無人車が人間を襲ってくるという『ザ・カー』を観た。
『ザ・カー』 不気味な車にワクワクする。 人間を襲う描写も魅力的。 監督:エリオット・シルヴァースタイン 出演:ジェームズ・ブローリン, キャスリーン・ロイド, ジョン・マーリー, R・G・アームストロング |
突然、無人の車(カー)が人を襲ってくるサスペンス映画。
『馬と呼ばれた男』のE・シルバースタインが監督。
デニス・シュラック、マイケル・バトラー、レーン・スレートが脚本。
レナード・ローゼンマンが音楽。
オカルト・ブーム末期に登場した変種ホラーで、陸のジョーズを狙った造りである。
1977年製作/アメリカ
原題:The Car
配給:ユニヴァーサル=CIC
中西部の田舎町に突然出現した黒塗りの車が、無差別に殺人を繰り返していた。
それが無人車であり超自然的な力で動いていることを、保安官は突き止めるが。
無人の車が襲ってくるという恐怖を描いた本作は個人的に好きな設定で、「何の理由で?」「何の目的で?」車が襲ってくるのか意味不明だからこそワクワクする。

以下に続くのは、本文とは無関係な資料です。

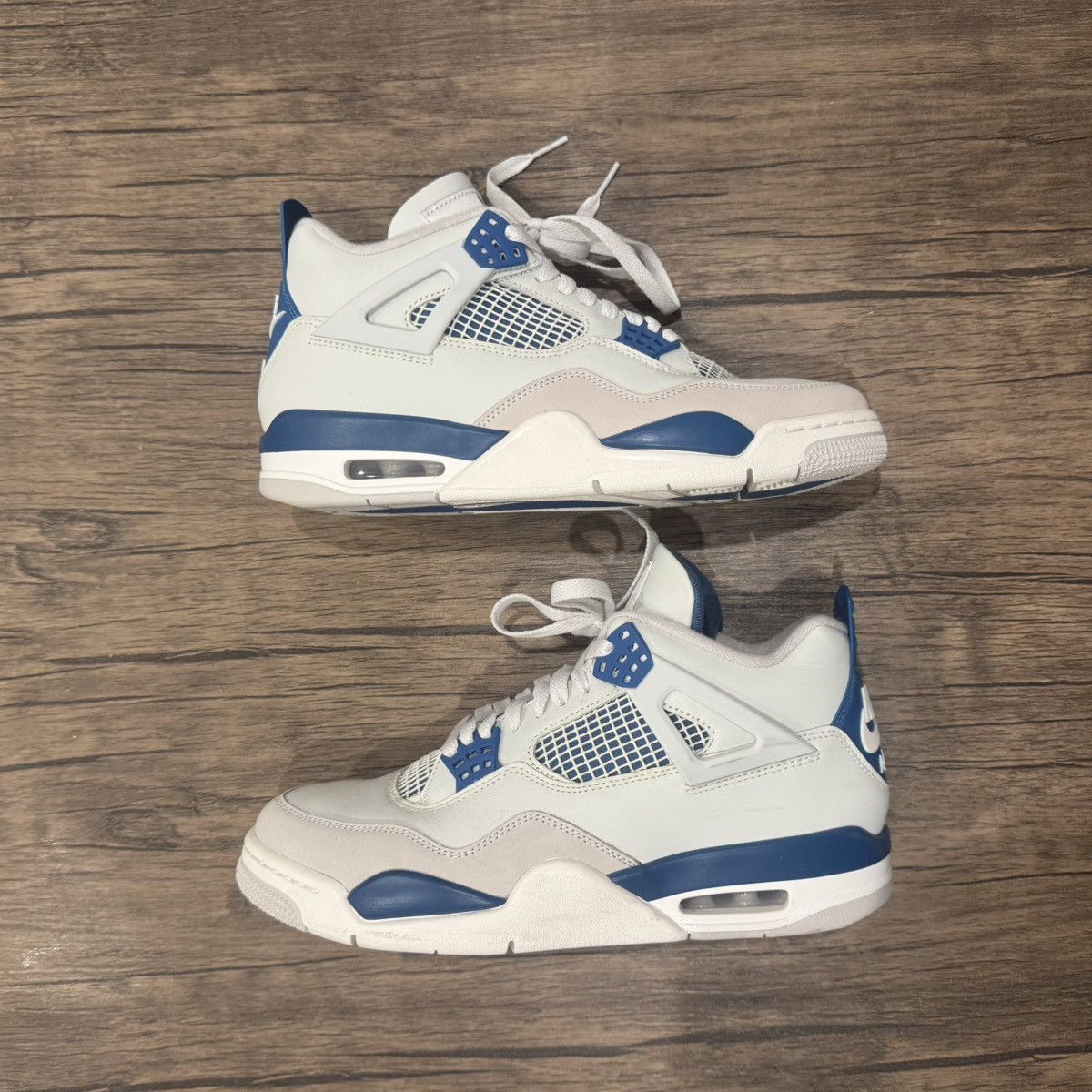 Nike Jordan 4 Retro Military Blue Size US 9.5 / EU 42-43 - 2 Thumbnail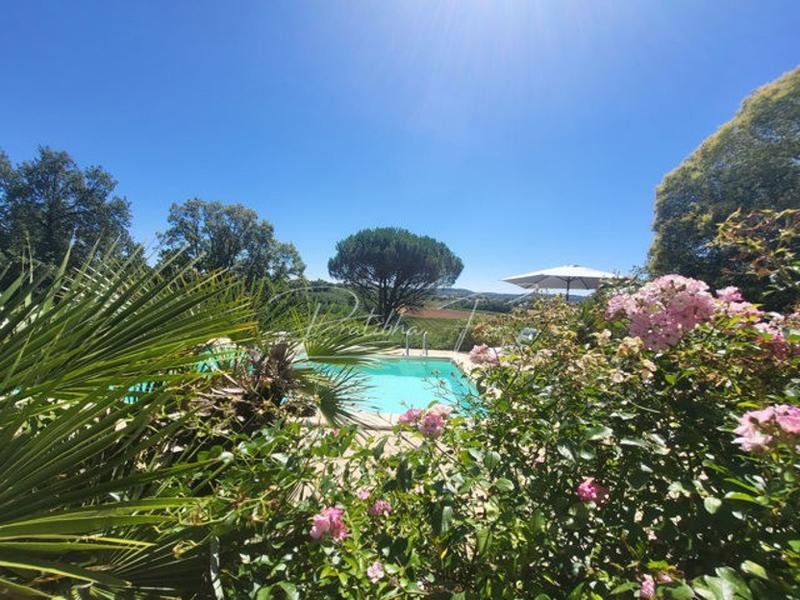 Maison - 166 m² - 5 pièces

先日観たジョン・カーペンター監督の『クリスティーン』でも無人の車が襲ってくる設定が非常に楽しめたので、本作を観る運びとなった。
『ザ・カー』というシンプル過ぎるタイトルにも気持ちをそそられる。
デヴィッド・クローネンバーグの『ザ・フライ』も「ハエ」をそのまんまタイトルにしていて魅力的だが、『ザ・カー』も「車」とシンプルにタイトルにしているところが好きなのだ。

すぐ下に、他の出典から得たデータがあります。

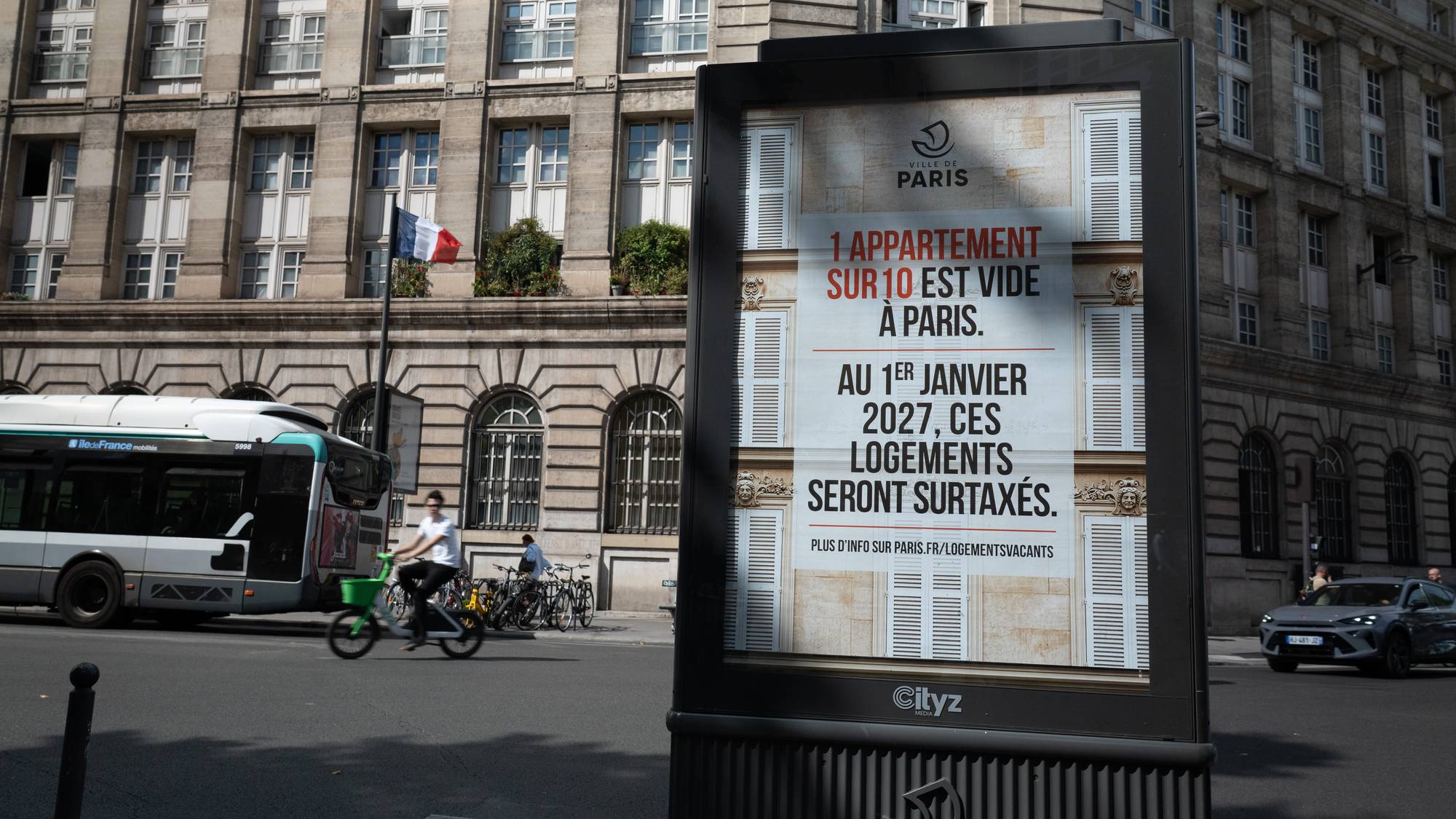 Reklameplakat i gate i Paris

オープニングで自転車に乗り、楽しくサイクリングしているカップルを襲うシーンからワクワクが止まらないのである。
楽しいシーンから一気に恐怖へと暴走させていく表現が、最高にテンションをあげてくれる。
楽し気にギターを弾いた若者の登場はコミカルでさえあったが、殺人車をヒッチハイクしようとしたところ、まんまと餌食になってしまう恐怖への転換。
物語自体は正直どうってこない話ではあるが、砂煙をあげながら現れる殺人車の不気味さや、登場した際の音楽などが心を弾ませてくれる。
殺人車が墓地には入れないという設定は意味不明だが、意味あり気で愉快でもあるし、殺人車に立ち向かう保安官の風貌も良い。
一番恐怖だったのは、ヒロインである女性の家に殺人車が突っ込んできたことだ。
家にいても襲ってくるのであれば、もう本当に逃げ場がない。
だからと言って安全地帯である墓地に隠れ続けるわけにもいかない。
色んな状況下で色んな角度や表現方法を駆使しながら、車が人間を襲うという魅力的な描写が楽しめた、といったところで「カット、カット」。